A grammar specifies the allowed expressions in such a Domain Specific Language, DSL.
An algebraic DataType, ADT, is a direct representation of such a grammar.
For most end-users a structured editor with pull-down menus is much easier to use than a free text editor.
The iTask system can derive such structured editors based on an ADT using datatype generic programming.
However, the input DSL has often also semantical constraints, like proper use of types and variables.
A solution is to use a shallow embedded DSL or a DSL based on a Generalized ADT to specify the input.
However, such a specification cannot be handled by datatype generic programming.
Hence, one cannot derive structured editors for such a DSL.
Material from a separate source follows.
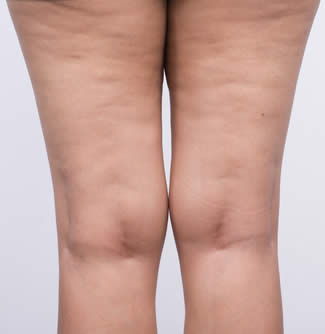 cellulite flaccida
As a solution we introduce structured web-editors that are based on dynamic types. These dynamic types are more expressive; they can express the required DSL constraints. In the new dynamic editor library we need to specify just the dynamic relevant for the DSL. The library takes care of displaying the applicable instances to the user and calls itself recursively to create the arguments of the dynamic functions. In this paper we show how this can be used to enforce the requires constraints on ADTs, to create structured web-editors for shallow embedded DSLS, and to create those editors for GADT based DSLs.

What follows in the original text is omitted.